Mack Maloney: I was having lunch with my editor and I mentioned to him that from what I'd read in the past, it seemed that lots of people see UFOs during times of war or just before a war starts. I had just read something about the foo fighters, and I'd known about the UFO incursions over U.S. ICBM bases in the 60s and 70s, and I just had the thought that whatever UFOs are, they might be particularly interested in us when we are either
at war or preparing for war. My editor thought that it might be a good idea for a non-fiction book, even though I'm primarily a fiction writer. We went through the process and the book is the result.
Richard Thomas: The sub heading of your book is What They Didn't Want You To Know. What do you think the authorities don't want us to know?
Mack Maloney: They don't want us to know what they know about UFOs. It's as simple as that. But the question is, what do they know? Do they know what UFOs are, and are keeping this news from us? Or do they not know what they are and they're keeping that news from us? It's a 50-50 question it could go either way. But they know a lot more than they are letting on. I'm absolutely convinced of that.

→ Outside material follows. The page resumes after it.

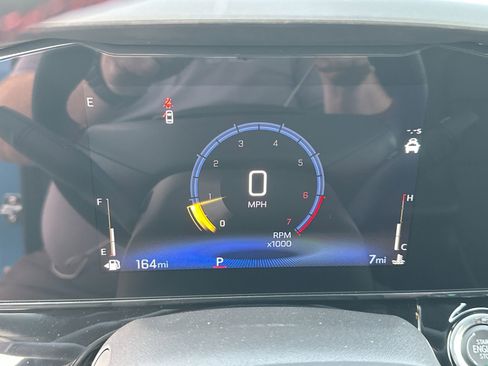 New 2026 Chevrolet Trax RS w/ Driver Confidence Package image 15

Richard Thomas: One of the earliest UFO reports you discuss in the book is Christopher Columbus' sighting. What do you think Columbus saw that night and would you agree that too much attention has been given to the Kenneth Arnold sighting and Roswell Incident from 1947 as the start of the modern UFO era?
Mack Maloney: What did Columbus see? It seems like he saw what would be normally described as a UFO a bright light, acting strangely in the sky, something that is not a star or the moon, or a meteor falling to earth. Whatever those things are, that's what Columbus saw. As for Kenneth Arnold's sighting being given too much attention, I agree that it has, at least in the context that these unidentified flying objects have been around for centuries. They didn't suddenly appear that day Kenneth Arnold saw them. What happened that day was the American press finally woke up to the story and branded them in this case, as flying saucers.
Once that happened then everyone became aware that unknown things were flying through our skies. But up to that point, no one in the media and apparently not in the military either, had ever thought that the foo fighters of World War Two and the Ghost Rockets of 1946, and the Ghost Fliers of 1933 and all these things that were seen by Alexander the Great and by people in the Bible and in medieval times were all connected that they were UFOs too. We just hadn't given them a name yet. So, yes, the popular involvement started with Kenneth Arnold's sighting, but UFOs had been around a long time before that. And as for Roswell -- I don't think anything extraordinary happened there. No crashed saucer, no recovered bodies. Nothing.
Richard Thomas: The Los Angeles Air Raid is perhaps the best-known UFO case from WWII in the United States. What do you think of the speculation that the US Army was able to shoot down and recover whatever was in the air on that day?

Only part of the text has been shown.